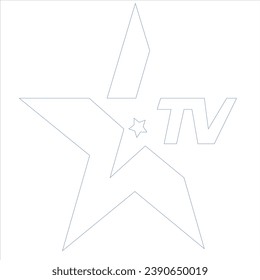 star icon set isolated on a white background. shining stars emoji. realistic star icon graphic. customer rating feedback concept from the client about employee of website. star vector image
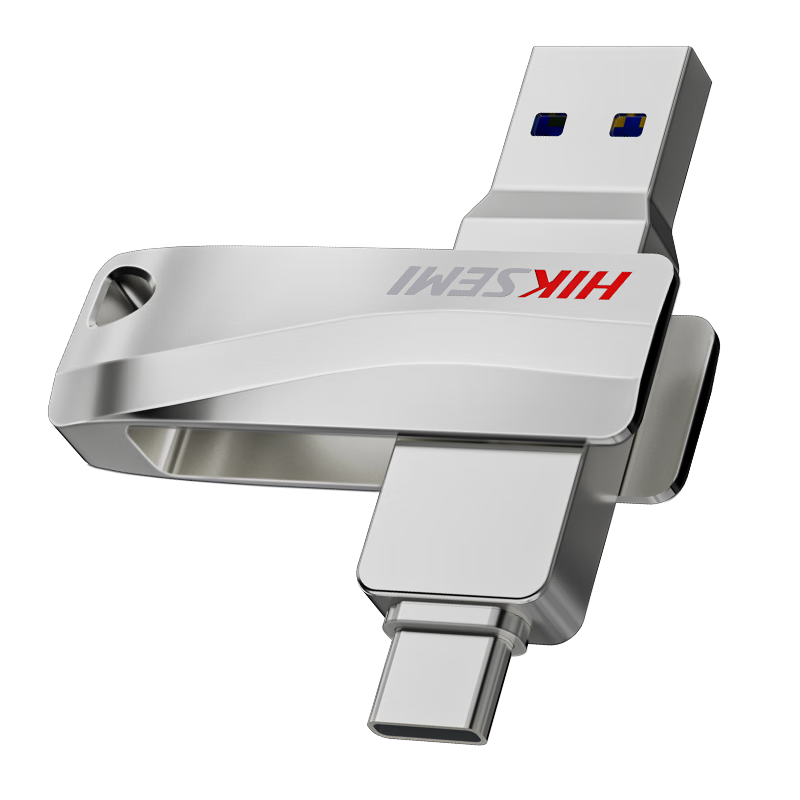 ӣHIKVISION64GB Type-C USB3.2˫ӿֻUS260 260MB/s U ΪСƻֻͨ39.9Ԫ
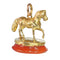 Pendentif Pendentif cheval vintage en or 18 carats : élégance victorienne 58 Facettes 24106-0277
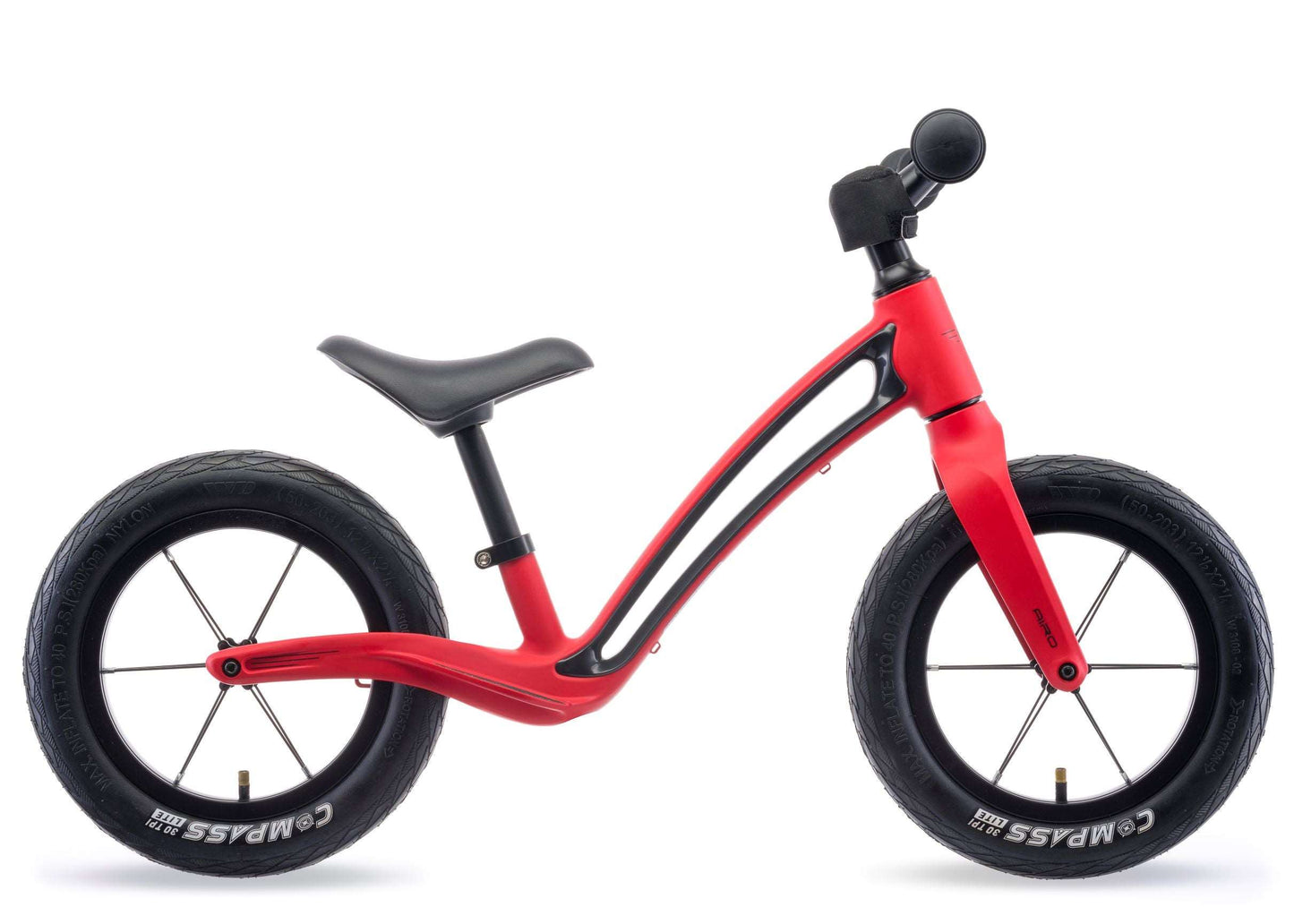 Hornit AIRO jafnvægishjól rautt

------------------------------------------------

* WORK INSTRUCTIONS
Pictures stay out; everything else in the listing above gets restated word for word.

* EXERCISE RESULT
 star icon set isolated on a white background. shining stars emoji. realistic star icon graphic. customer rating feedback concept from the client about employee of website. star vector image
 ӣHIKVISION64GB Type-C USB3.2˫ӿֻUS260 260MB/s U ΪСƻֻͨ39.9Ԫ
 Pendentif Pendentif cheval vintage en or 18 carats : élégance victorienne 58 Facettes 24106-0277
 Hornit AIRO jafnvægishjól rautt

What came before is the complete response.